Question

Write a linear function f with the given values f(-2)=0, f(6)=-4

Answer 1

The Slope-Intercept form of the equation of a line is:

`y=mx+b`

Where "m" is the slope of the line and "b" is the y-intercept.

Knowing that:

`\begin{gathered} f\mleft(-2\mright)=0 \\ f(6)=-4 \end{gathered}`

You can identify that the line passes through these points:

`\begin{gathered} (-2,0) \\ (6,-4) \end{gathered}`

By definition, the value of "x" is zero when the line intersects the y-axis and the value of "y" is zero when the line intersects the x-axis.

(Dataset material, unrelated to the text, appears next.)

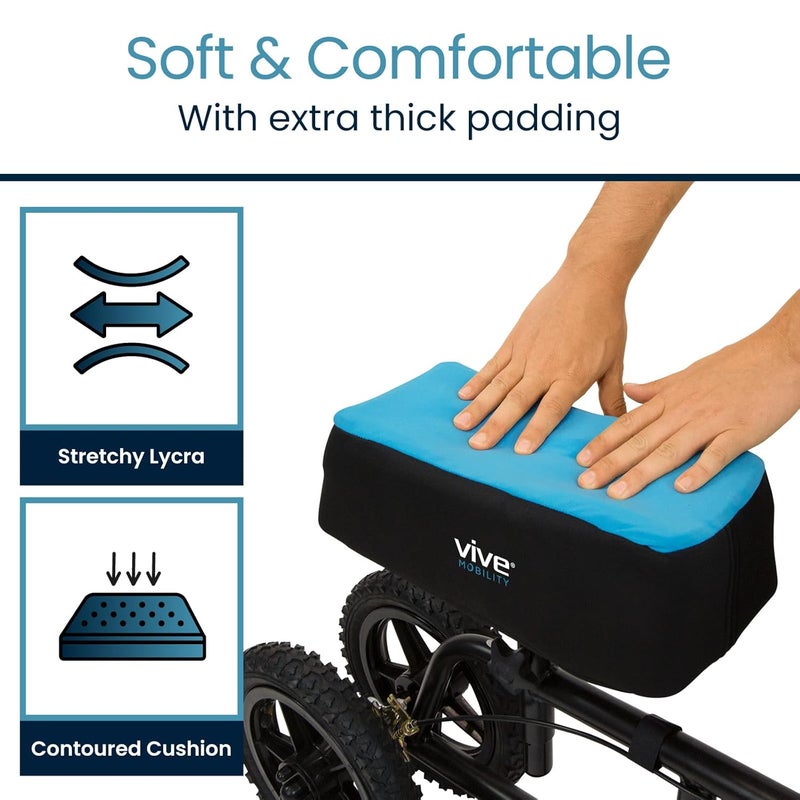 Vive Mobility Knee Walker Padded Gel Cover - Premium Comfort Gel Cushion, Accessory for Knee Scooters, Padded Accessories, Leg Cart Roller Improves Comfort During Injury, Fits Most Knee Trollys (Blue) - Image 4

To find the slope of a line you can use the following formula:

`m=(y_2-y_1)/(x_2-x_1)`

In this case, you can set up that:

`\begin{gathered} y_2=-4 \\ y_1=0 \\ x_2=6 \\ x_1=-2 \end{gathered}`

Then substituting values into the formula and evaluating, you get that the slope of the line is:

`m=(-4-0)/(6-(-2))=(-4)/(6+2)=(-4)/(8)=-(1)/(2)`

You can substitute the slope and the coordinates of the second point into the equation

`y=mx+b`

and then solve for "b":

`\begin{gathered} -4=-(1)/(2)(6)+b \\ \\ -4=-3+b \\ -4+3=b \\ b=-1 \end{gathered}`

Knowing "m" and "b", you can write the following equation of this line in Slope-Intercept form:

`y=-(1)/(2)x-1`

Rewriting it with:

`f(x)=y`

You get that the answer is:

`f(x)=-(1)/(2)x-1`